> _Exercise_
Everything from the opening line of the records below up to and including the line containing "comminuted fracture" should be retyped exactly, minus the pictures.

Segment Open

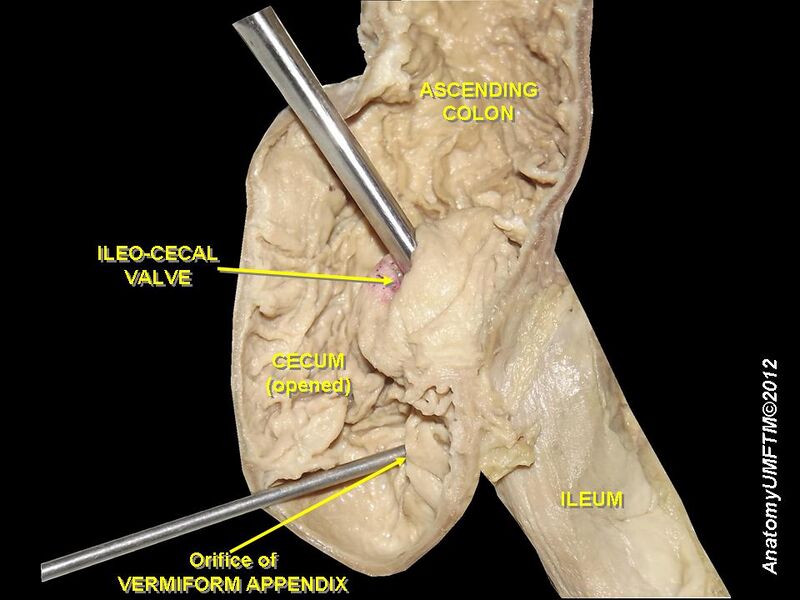 File:Ileo-cecal valve.JPG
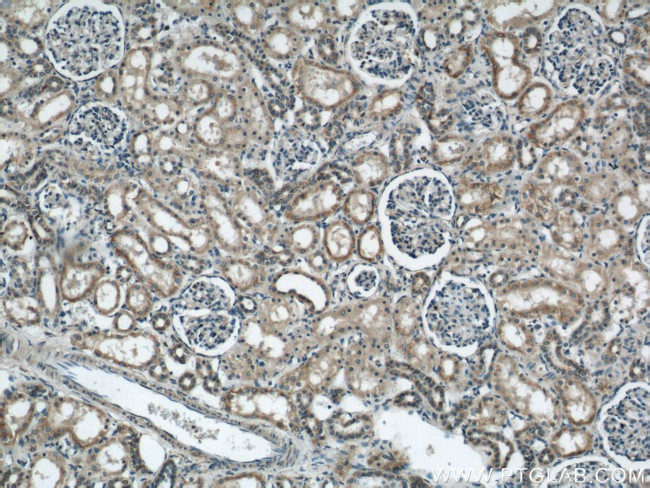 ARG2 Antibody in Immunohistochemistry (Paraffin) (IHC (P))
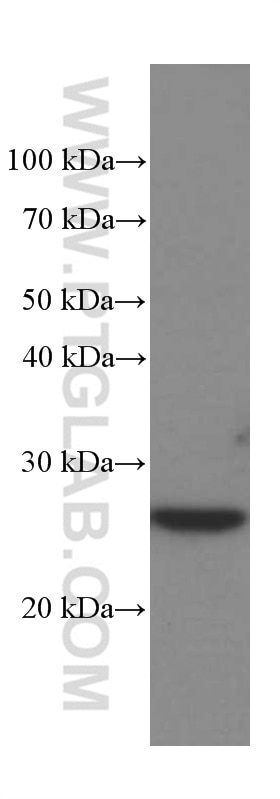 Western Blot (WB) analysis of Jurkat cells using MAD2L1 Monoclonal antibody (66014-1-Ig)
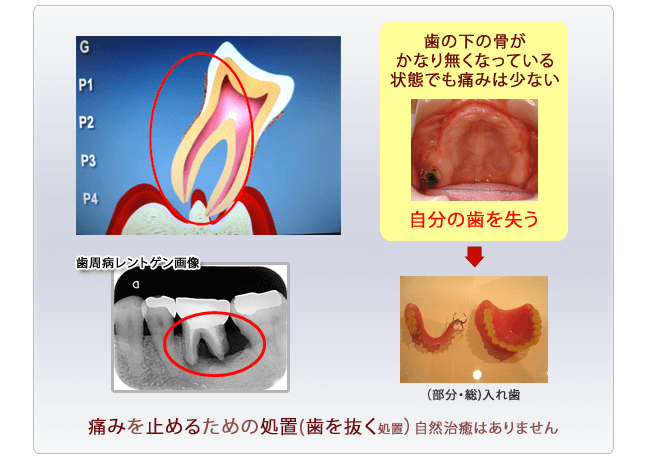 歯周病の進行過程3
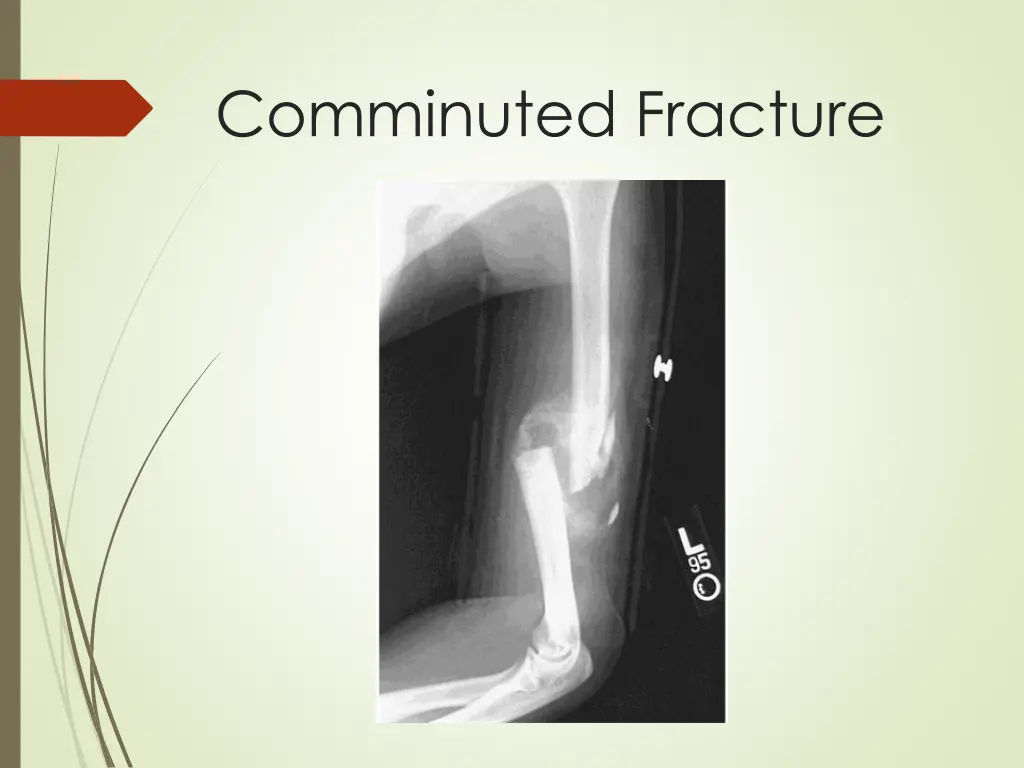 comminuted fracture
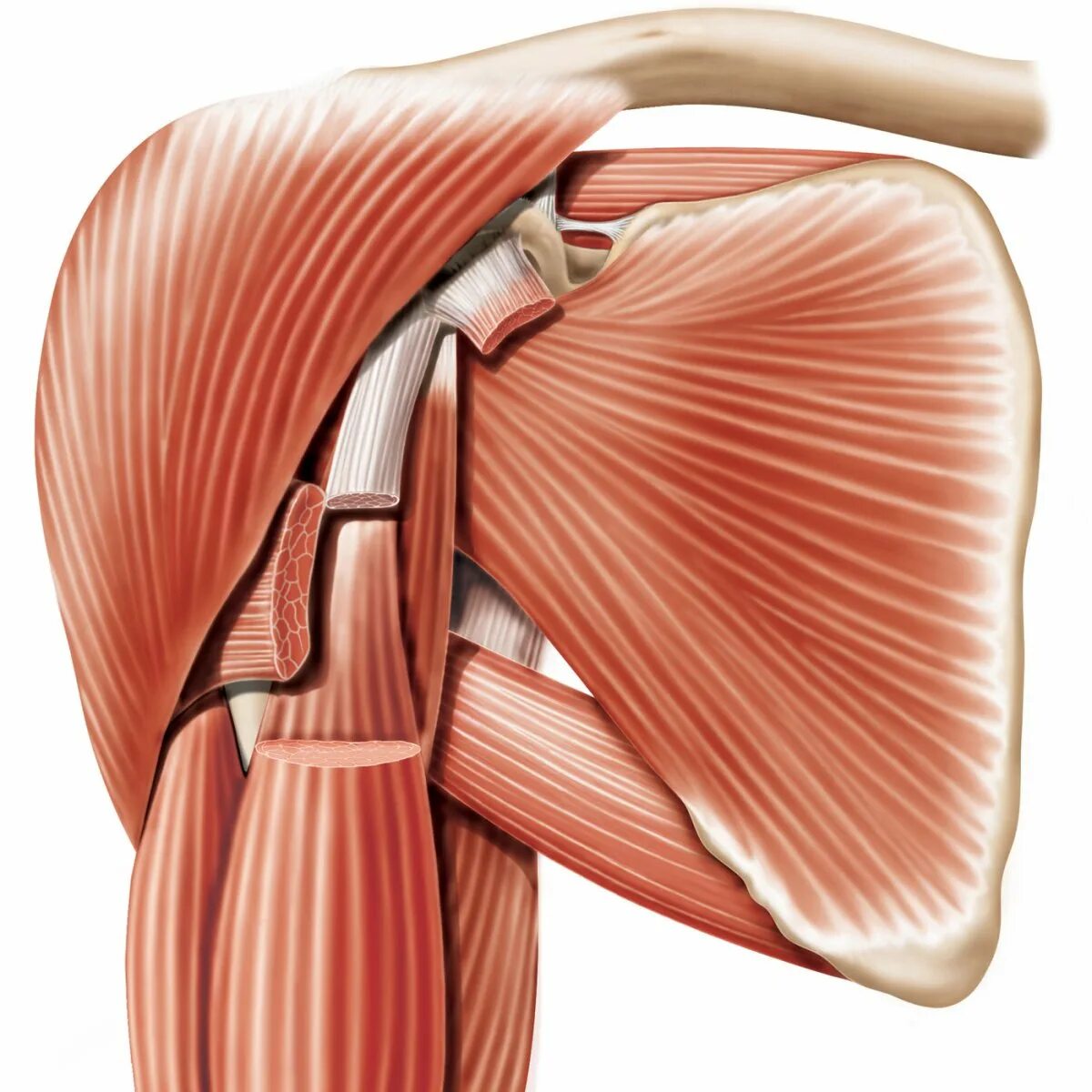 Повреждение сухожилия подлопаточной мышцы. Подлопаточная мышца плеча анатомия. Тендинит двуглавой мышцы плечевого. Сухожилие подлопаточной мышцы. Сухожилие подлопаточной мышцы плеча анатомия.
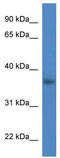 Gal-4 antibody, TA346427, Origene, Western Blot image 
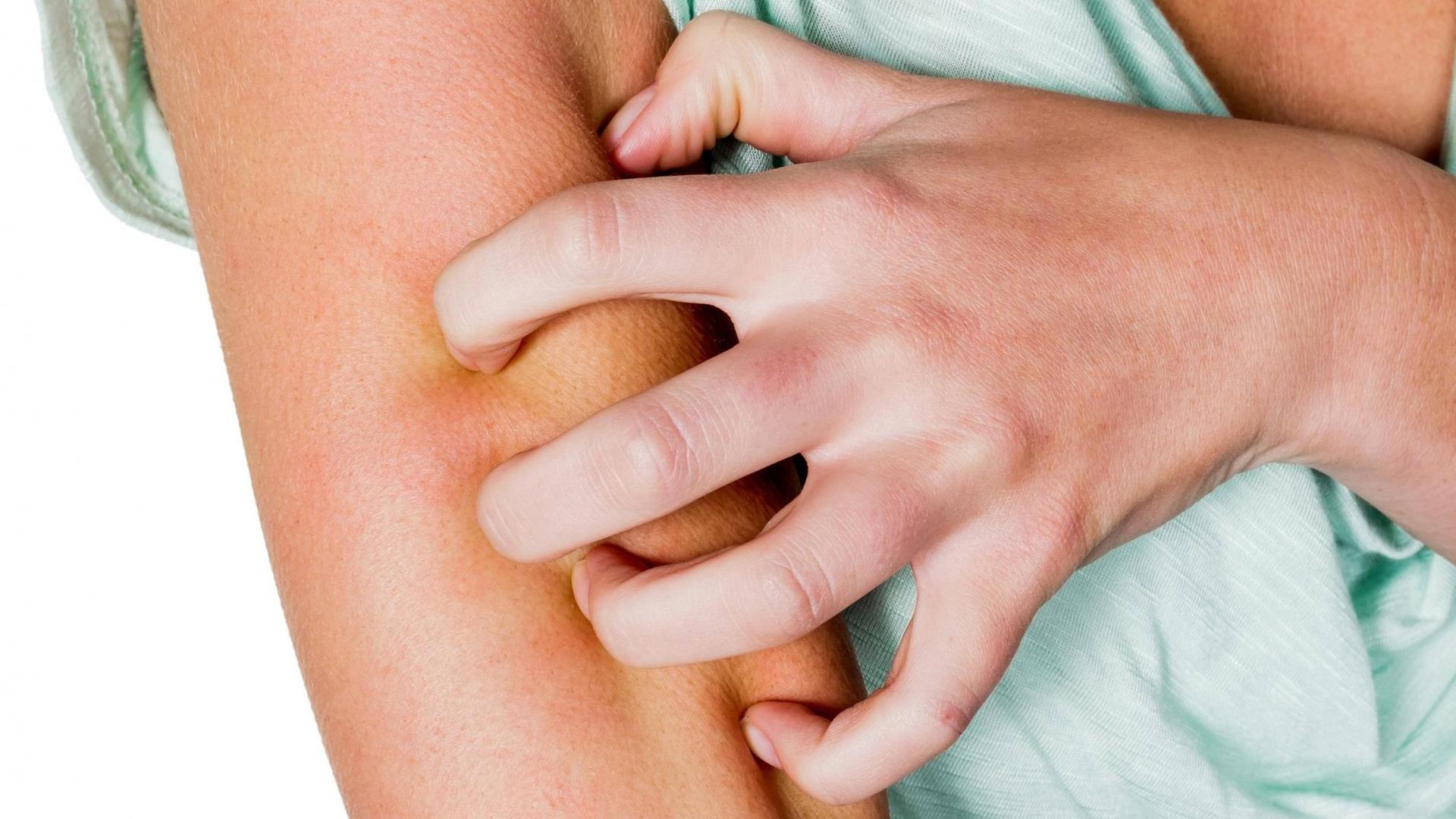 Das Bild zeigt eine Frau, die sich die juckende Haut am Arm kratzt Das Bild zeigt eine Frau, die sich die juckende Haut am Arm kratzt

Segment Closed

> _Written answer_
 File:Ileo-cecal valve.JPG
 ARG2 Antibody in Immunohistochemistry (Paraffin) (IHC (P))
 Western Blot (WB) analysis of Jurkat cells using MAD2L1 Monoclonal antibody (66014-1-Ig)
 歯周病の進行過程3
 comminuted fracture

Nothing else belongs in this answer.